WHAT THIS TASK INVOLVES:
Print exactly the lines below between the line containing "八雲町で境界未確定は売却できる？後悔しないための判断軸" and the line containing "左旋蘇氨酸 serif font", counting both of those lines. Leave pictures out.

LISTED ENTRIES:
::::
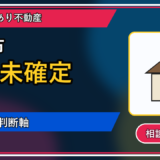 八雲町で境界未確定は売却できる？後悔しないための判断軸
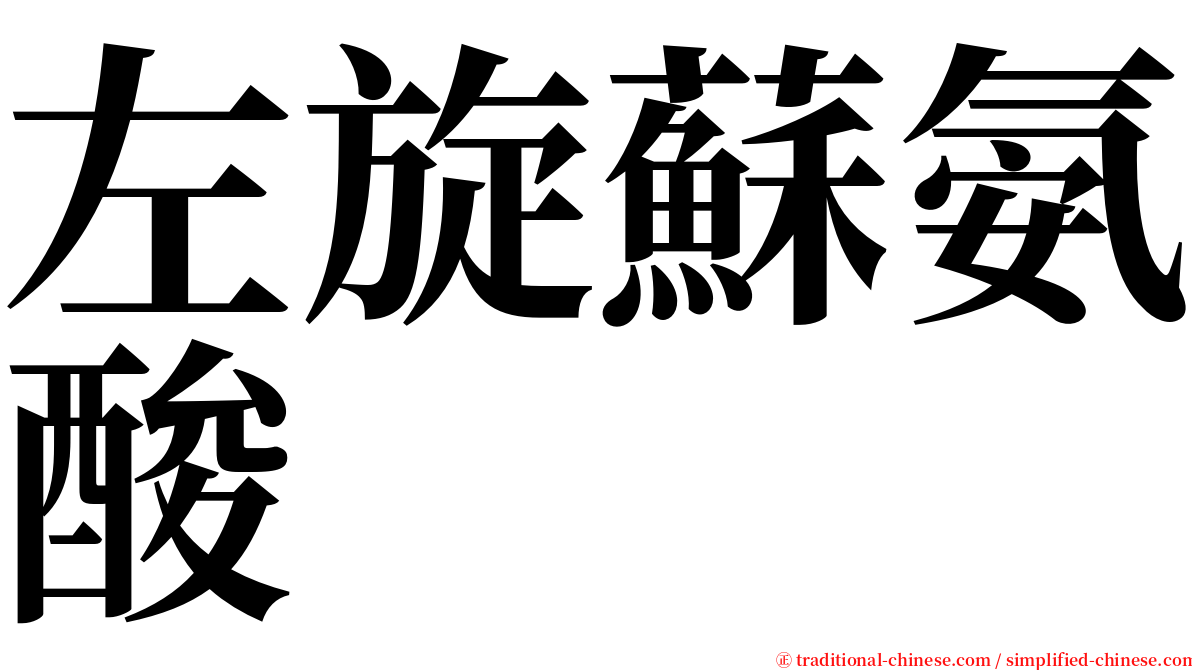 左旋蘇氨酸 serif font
::::
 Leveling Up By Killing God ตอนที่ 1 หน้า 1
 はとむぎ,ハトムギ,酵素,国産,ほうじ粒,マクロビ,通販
::::
OUTPUT OF THE TASK:
 八雲町で境界未確定は売却できる？後悔しないための判断軸
 左旋蘇氨酸 serif font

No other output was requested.